- _PROVIDED RECORDS_
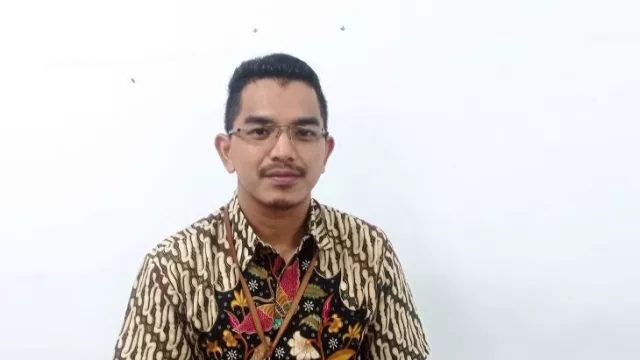 Sosialisasi Pelayanan Publik, Ombudsman Banten Gandeng MUI Lebak - GenPI.co BANTEN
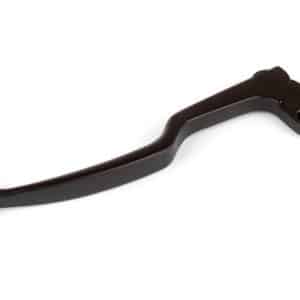 Levier d'embrayage pour KAWASAKI noir 1984-2010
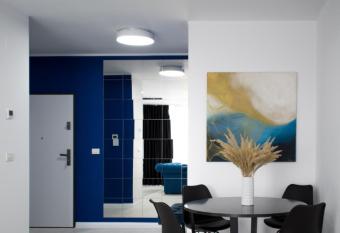 Iulius Town Residence allows 18 year olds to book a room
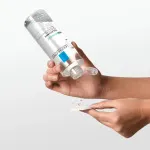 Micellar Water Ultra woda micelarna do cery wrażliwej 400 ml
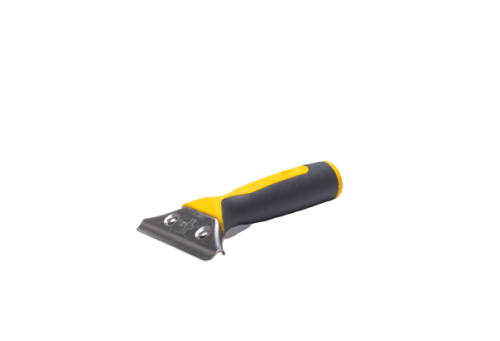 Uchwyt do szyny Vermop 1.jpg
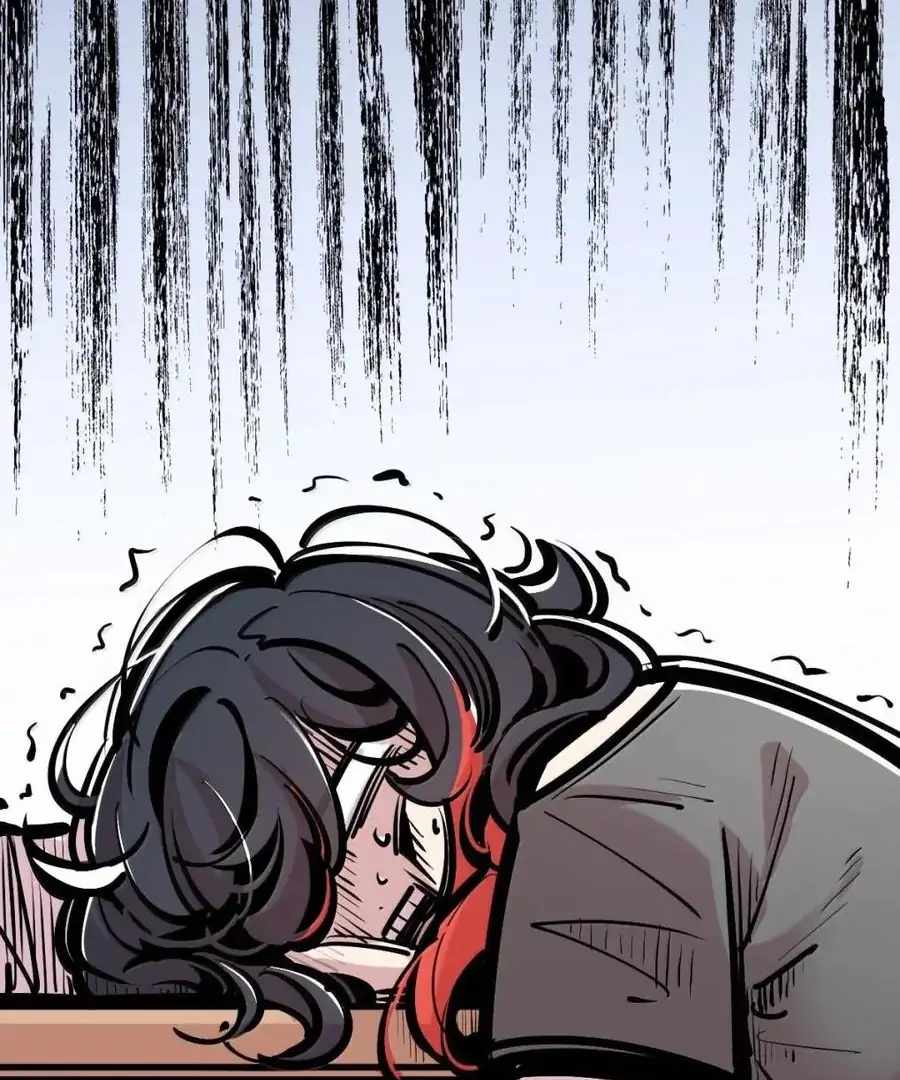 Demon X Angel, Can’t Get Along! — Chapter 130.1 — page 91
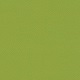 product-options[6998][1]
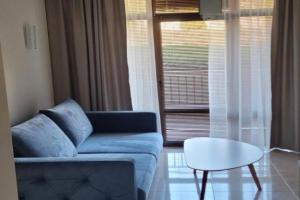 Star Dreams P2 Apartments, Sveti Vlas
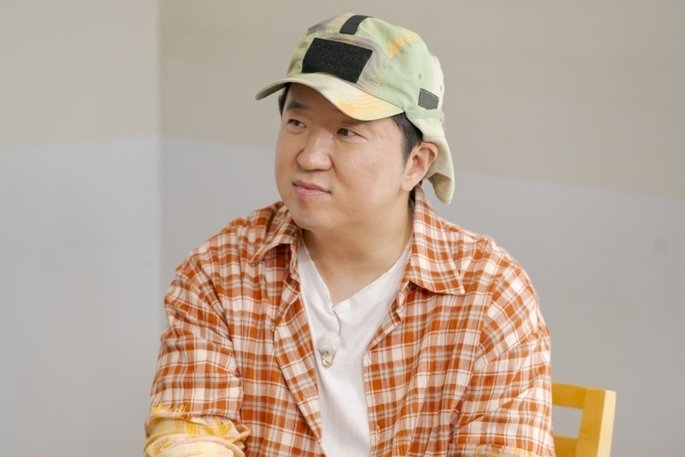 정형돈 "하와이 거주 쌍둥이 딸, 두 달에 한 번 보는데…"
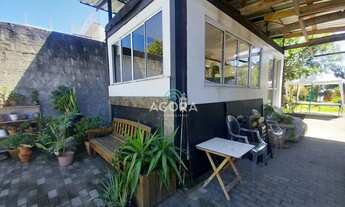 Imagem: Terreno com 477,98m²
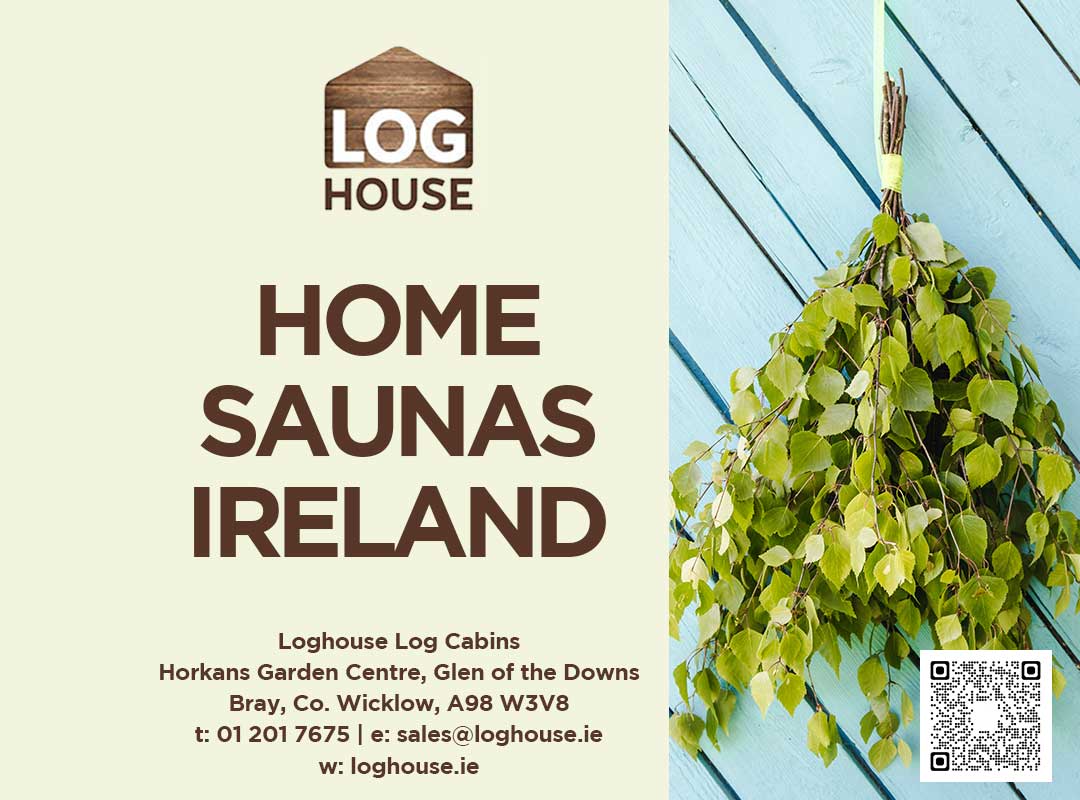 Loghouse-Home-Saunas-For-Sale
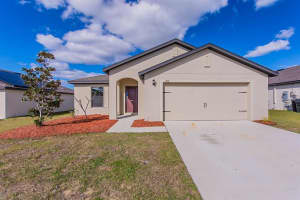 1876 Amber Sweet Cir, Dundee, FL 33838, Sold 04/20/22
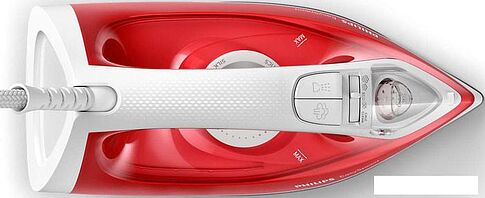 Утюг Philips GC1742/40
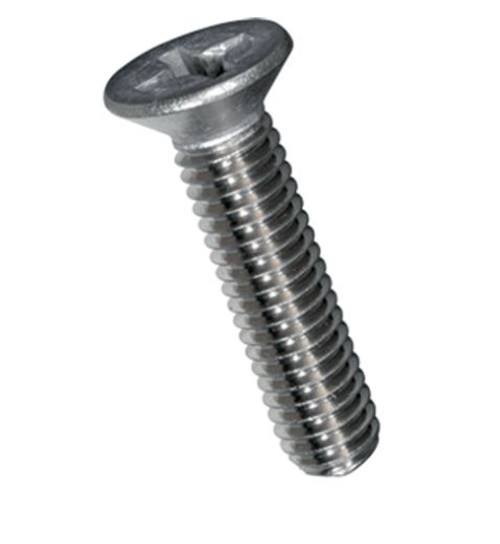 1250698 by ARTICLE NUMBERS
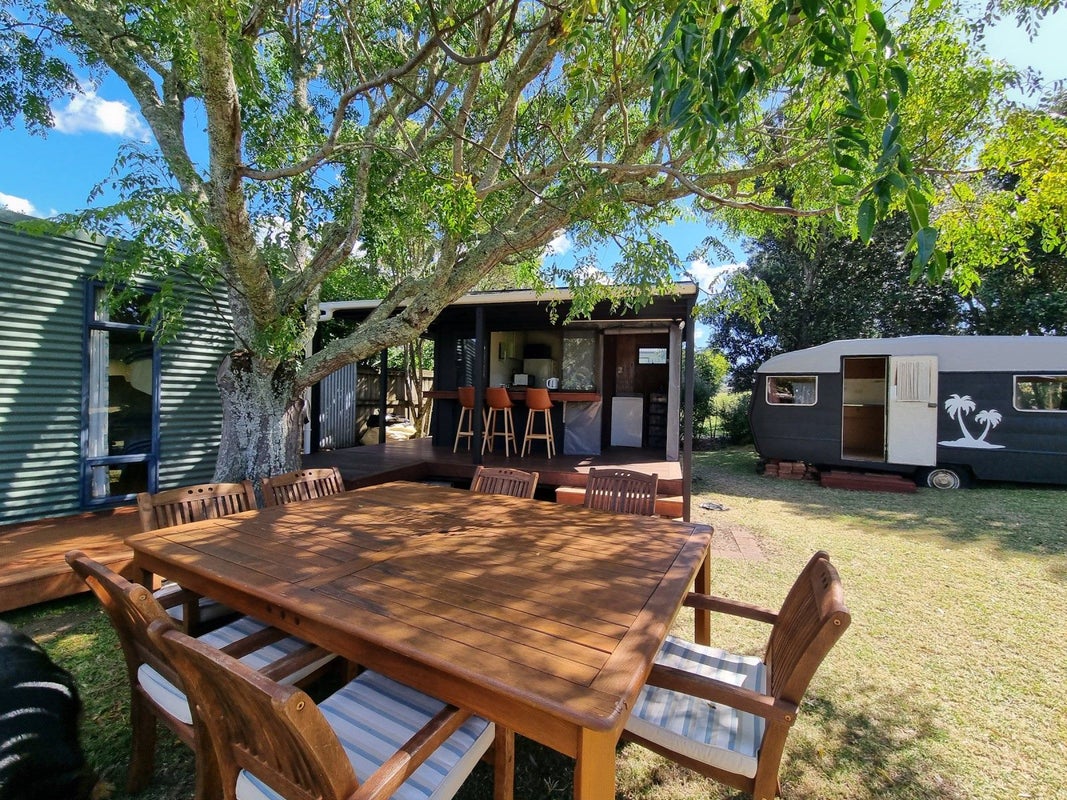 106 Karaka Place, Matarangi - Carousel 1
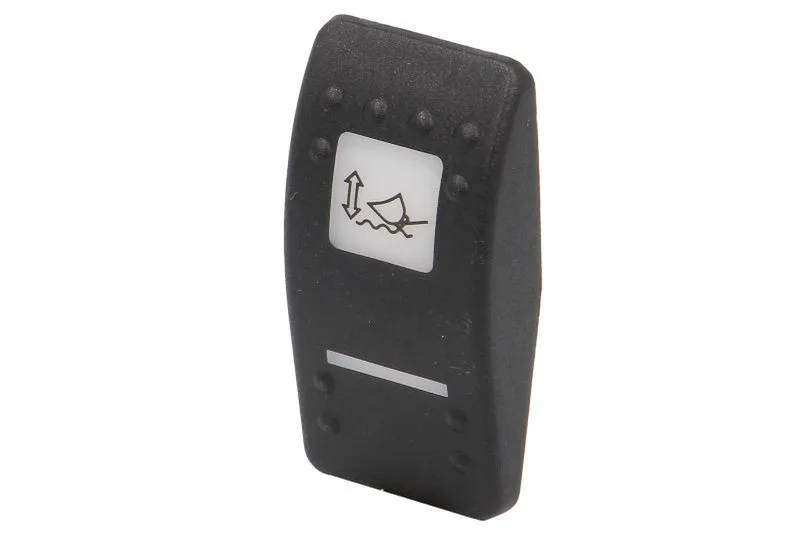 Comutator presiune, limitator incarcare ax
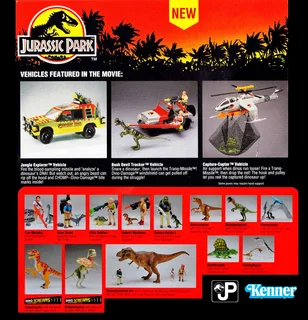 Wanted - Vintage Toys for Toy Museum in JHB BUY SELL TRADE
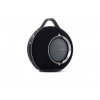 17259 7 rj278 devialet mania packshots deep black 01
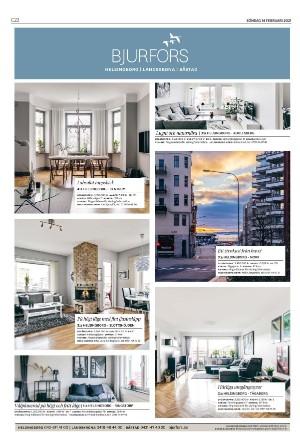 nordvastraskanestidningar_c-20210214_000_00_00_022.pdf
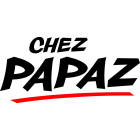 Sponsor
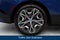 2025 BMW iX xDrive50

- _THE PROBLEM_
Your answer must be an exact copy of the lines above, from the line that contains "Wanted - Vintage" through the final line, with no pictures in it.

- _YOUR SOLUTION_
 Wanted - Vintage Toys for Toy Museum in JHB BUY SELL TRADE
 17259 7 rj278 devialet mania packshots deep black 01
 nordvastraskanestidningar_c-20210214_000_00_00_022.pdf
 Sponsor
 2025 BMW iX xDrive50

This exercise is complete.